The current furor over whether President Bush or other members of his administration knew or didn't know before last September 11th about certain indicators of a possible terrorist attack is, we suspect, misplaced an example of the 20/20 clarity of hindsight. The fact is ... if you put together the vague particulars of a CIA briefing here, a National Security Council report there, and an FBI agent's educated hunch over there, you could connect the dots and still see nothing more than some reason for a heightened sense of vigilance.
In other words, if Bush had been given all these documents at once and had the compelling passages been underscored and accompanied by swelling orchestra chords, there still would not have been enough explicit evidence on hand to justify anybody's saying "Bush Knew!" (as a New York newspaper so brazenly headlined its first-day story about these ex post facto disclosures).
If Bush "knew," from evidence such as this, the proximate dimensions of what was going to happen, even the whens and wheres of it, he would be simultaneously a worse figure in American history than Benedict Arnold the worst ever, in fact and the most clairvoyant head of state ever to rule over empire or republic since this world began.

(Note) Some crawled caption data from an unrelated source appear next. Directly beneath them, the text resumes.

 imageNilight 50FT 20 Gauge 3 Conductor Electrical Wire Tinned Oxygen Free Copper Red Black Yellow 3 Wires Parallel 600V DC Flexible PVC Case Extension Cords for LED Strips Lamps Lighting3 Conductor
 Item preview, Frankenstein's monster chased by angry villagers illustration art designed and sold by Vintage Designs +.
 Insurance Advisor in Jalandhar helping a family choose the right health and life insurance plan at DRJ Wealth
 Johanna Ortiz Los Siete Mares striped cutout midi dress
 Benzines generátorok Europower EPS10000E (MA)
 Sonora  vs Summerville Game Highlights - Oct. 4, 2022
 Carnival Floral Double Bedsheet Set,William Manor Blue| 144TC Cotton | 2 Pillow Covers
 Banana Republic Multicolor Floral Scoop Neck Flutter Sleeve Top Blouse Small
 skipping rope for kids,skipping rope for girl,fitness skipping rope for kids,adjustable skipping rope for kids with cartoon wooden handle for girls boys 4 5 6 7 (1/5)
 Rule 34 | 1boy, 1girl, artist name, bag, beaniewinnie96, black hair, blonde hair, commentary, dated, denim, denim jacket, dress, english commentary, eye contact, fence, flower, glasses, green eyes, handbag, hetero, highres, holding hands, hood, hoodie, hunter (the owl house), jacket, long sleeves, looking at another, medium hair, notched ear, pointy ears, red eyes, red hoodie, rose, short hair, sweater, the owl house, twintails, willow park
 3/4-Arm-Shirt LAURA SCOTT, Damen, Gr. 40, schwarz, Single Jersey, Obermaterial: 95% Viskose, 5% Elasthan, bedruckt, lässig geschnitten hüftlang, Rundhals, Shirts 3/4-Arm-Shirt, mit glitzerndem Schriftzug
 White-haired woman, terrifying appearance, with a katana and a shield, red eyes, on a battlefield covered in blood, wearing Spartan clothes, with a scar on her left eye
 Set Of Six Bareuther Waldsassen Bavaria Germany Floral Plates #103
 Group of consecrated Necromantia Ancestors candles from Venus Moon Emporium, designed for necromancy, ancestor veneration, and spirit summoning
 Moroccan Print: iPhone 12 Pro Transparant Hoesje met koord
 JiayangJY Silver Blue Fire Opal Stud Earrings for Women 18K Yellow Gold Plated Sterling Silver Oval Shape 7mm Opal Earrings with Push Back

But none of this is the point, which is: What can we do about it now? What we can do is exactly what a bipartisan chorus in Congress is calling for disclosure of the various shreds of intelligence we had on hand at the time, in tandem with a full-court investigation of the way in which our national intelligence apparatus has been operating (or failing to operate). The point of all this is not to affix blame but to make the necessary corrections for error so that a country at war and a peculiarly difficult war at that can make the necessary dispositions.
We don't want to be caught flat-footed next time. That's the bottom line, and that's why Vice President Cheney or anyone else in a position of national authority should relax their opposition to such a process. Let's find out what's wrong and fix it. The stakes are too high not to.
Before the catastrophic events of last September, the most alarming event for us news junkies locally was the appearance last July at the penultimate moment of decision for an already dazed and confused legislature of an aroused crowd at the Tennessee state Capitol. Apologists for the crowd deny that it was a mob; apologists for the legislature deny that it influenced their failure, for the third straight year, to solve the state's fiscal crisis.
Both sets of apologists are wrong: The crowd shouted, shoved, broke glass, and fatally disrupted the state Senate's intended deliberations. The cowed legislators tucked tail, raided yet another reserve fund, and went home. Senator Mark Norris of Collierville, a respected income-tax opponent, used the M-word without quibble last year and said that the mob which it was prevented a conservative solution to the state's budget problem. Others would say it impeded prospects for tax reform.
Whatever the case, it is clear that the demonstrators achieved their end. They shut down the process of representative government. It used to be the conservatives among us who argued that we were a republic, not a democracy, and that mass action was no substitute for reasoned deliberation. Would that, like Norris, they did so again.